CHPnin taktiği
Uzun süreli iktidar yalnızca muhalifleri için katlanılmaz olmuyor. Kendi bünyesinden muhalifler de çıkarıyor. AKP'nin kurucu kadrolarından zaman zaman gelen yakınmalar bunun göstergesi. Hüseyin Çelik, Bülent Arınç gibi isimlere "hain" gözüyle bakmak, sorgulama davranışından yoksunlar için duygusal rahatlama sağlayabilir. Ancak çözüm getirmez.
Son yerel seçimlerle birlikte CHP birinci parti oldu.

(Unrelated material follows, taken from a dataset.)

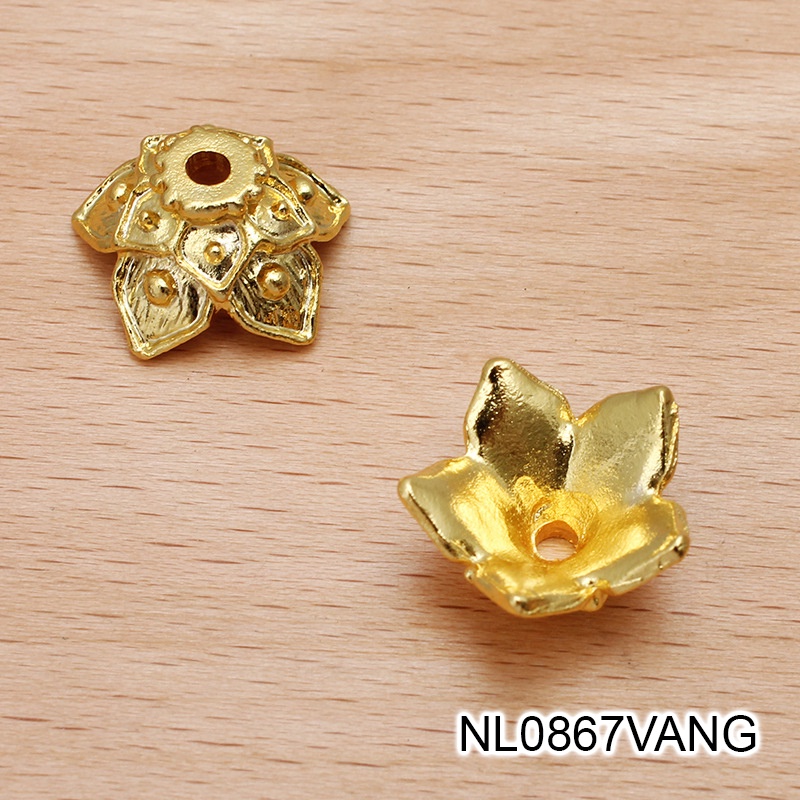1 phiến chụp hạt đúc họa tiết hoa sen cách điệu 10*16.5mm nguyên liệu làm trâm làm trang sức cổ trang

Tayyip Erdoğan, 8 ay önce kazandığı seçimden sonra yenildi, topal ördek konumuna düştü. Herkes CHP'nin göstereceği başarı ya da başarısızlıkları bekliyordu. Kendi yarattığı elit kesimlere sıkışan iktidar, "sorgusuz biat" anlayışını tek geçer kural olarak kabul etmeye başladı. Gelinen noktada iktidar ve söylemi tabandan uzaklaşıyor. İktidar söylemine seçmen katılımı daralıyor. Bunu LeMan dergisine yönelik tepki gösterilerinden anlamak olanaklı. İktidarın yaklaşımı artık küçük, marjinal gruplarla örtüşüyor. Sosyologların vurguladığı gerçek şudur: Marjinal gruplar öne çıktıkça makul çoğunluk geri çekilir. AKP'den bu geri çekilme bir süredir gözleniyor.
Muhalefete yönelik baskı, zulüm hız kesmiyor. Sorunlara çözüm üretmekte zorlanan Erdoğan ve yönetimi, rakibini siyasallaşmış hukuk yoluyla yasaklamaya çalışıyor. Aylar önce AKP'li belediye başkanlarının yönetiminden kalan borçlar CHP'li yönetimleri felç etmek için kullanılmaya başlandı. İstanbul Büyükşehir Belediyesi'nde başlatılan operasyonun "rakibini yasaklama" anlamına geldiği fikri artık dünyada kabul görüyor. Bu yaklaşım CHP'de iç kenetlenme yaratınca, başka yola başvuruldu. CHP Kurultayına yönelik, YSK'nin yetkilerini de yok sayan bir yaklaşım geliştirildi. Son olarak İzmir Büyükşehir Belediyesi'ne yönelik şaşaalı propaganda operasyonu gündemde. Siyasal propaganda hedefli operasyonların Cumhur iktidarını kurtarmaya yönelik olduğu konusunda kuşku yok.